Behzat BEKTASLI, Arthur L. WHITE
Hacettepe University, Faculty of Education, Department of Science Education, Ankara, Turkey.
School of Teaching and Learning, Department of Science Education, The Ohio State University, Columbus, OH, U.S.


Problem Statement: Kinematics is one of the topics in physics where graphs are used broadly. Kinematics includes many abstract formulas, and students usually try to solve problems with those formulas. However, using a kinematics graph instead of formulas might be a better option for problem solving in kinematics. Graphs are abstract representations, so a student’s level of logical thinking might be an indicator for understanding a kinematics graph. This paper examines a possible connection between students’ kinematics graph interpretation skills and logical thinking.

Purpose of the Study: The main purpose of this study is to search for relationships between student logical thinking, gender and kinematics graph interpretation skills.

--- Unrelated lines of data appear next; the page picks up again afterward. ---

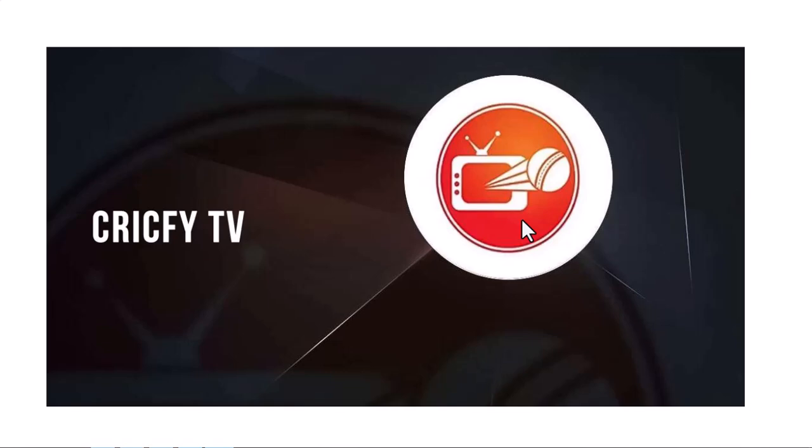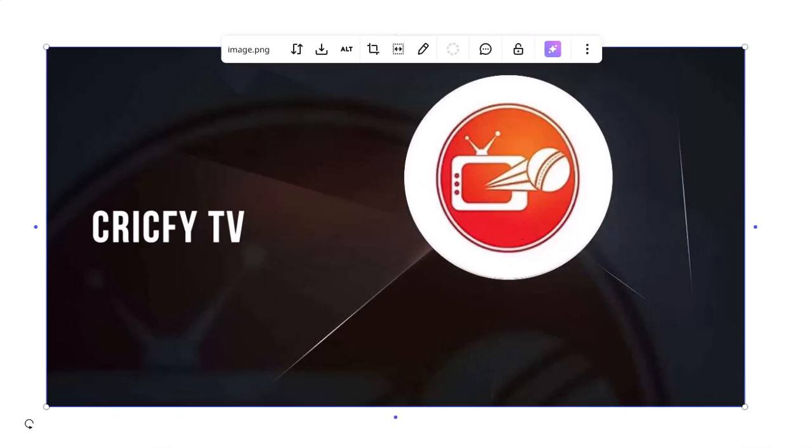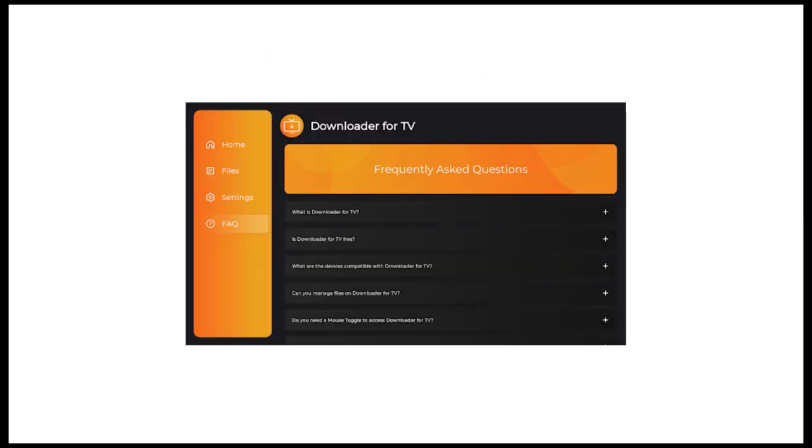If your Hisense TV runs Android TV OS, connect your TV to WiFi, then open the Google Play Store and install the app called Downloader by AFTV News.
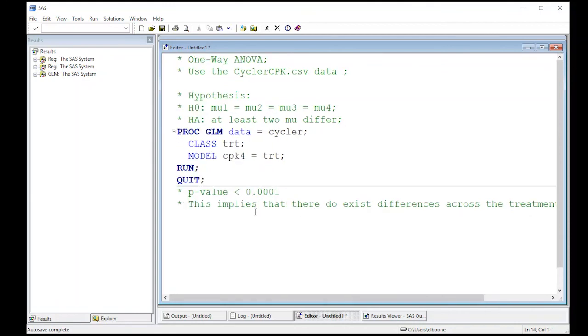That's what we're going to say: we're going to reject H0. We're going to say at least two of them are different, so there are some differences in there. Now, this doesn't tell us where those differences exist, and that's what we're going to do in our next video.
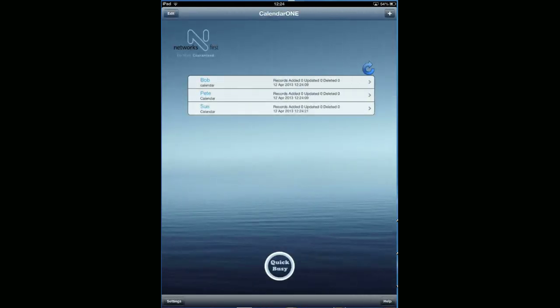Calendar One is available on the App Store to download. If you need any further information, don't hesitate to contact me personally. Just send an email to calendarone@networksfirst.com. Thank you.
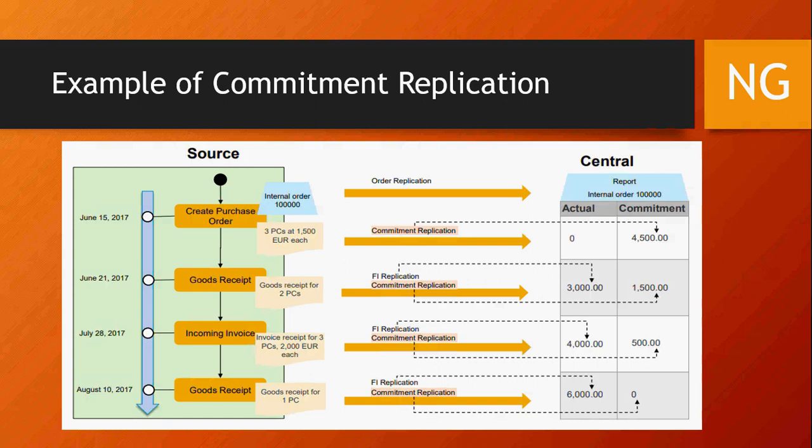Then the final GR happens for one remaining PC; the commitment is zeroed out because everything is completed and the PO is at the closing stage. Internal order is replicated, commitment is replicated, FI document is replicated — and it keeps going on. This is a very good functionality for commitment reporting from the Central Finance system. It requires extra configuration, but in terms of reporting it provides a very well-structured view of how commitments are transferred. If you have several source systems, you can see all your commitments in one system.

Methods: The sample of this study is 72 grade-12 students. The Middle Grades Integrated Process Skill Test (MIPT) and Test of Understanding Graphs-Kinematics (TUG-K) were administered to collect data after the kinematics graph instruction. The study uses correlational research design. Data analysis includes factor analysis, reliability, descriptive statistics, correlation, and forward multiple-linear regression.

Findings and Results: Based on the data analysis, the following principal components were identified for MIPT: processing text information (MIPT: text) and processing symbolic representation (MIPT: symbolic). Similarly, two principle components were found for TUG-K: calculation and the interpretation of slope (TUG-K: slope) and area (TUG-K: area). A student’s ability to determine the slope in a kinematics graph was significantly correlated with logical thinking and gender. However, there was no significant correlation to student ability to determine the area in a kinematics graph.

Conclusions and Recommendations: Students come to a classroom with different levels of logical thinking skills. It might be easier for some students to process text information rather than processing symbolic information. On the other hand, it might be easier for some students to process symbolic information instead of processing text information. For both types of students, this study recommends that students’ logical thinking and gender need to be considered when kinematics graphs are taught.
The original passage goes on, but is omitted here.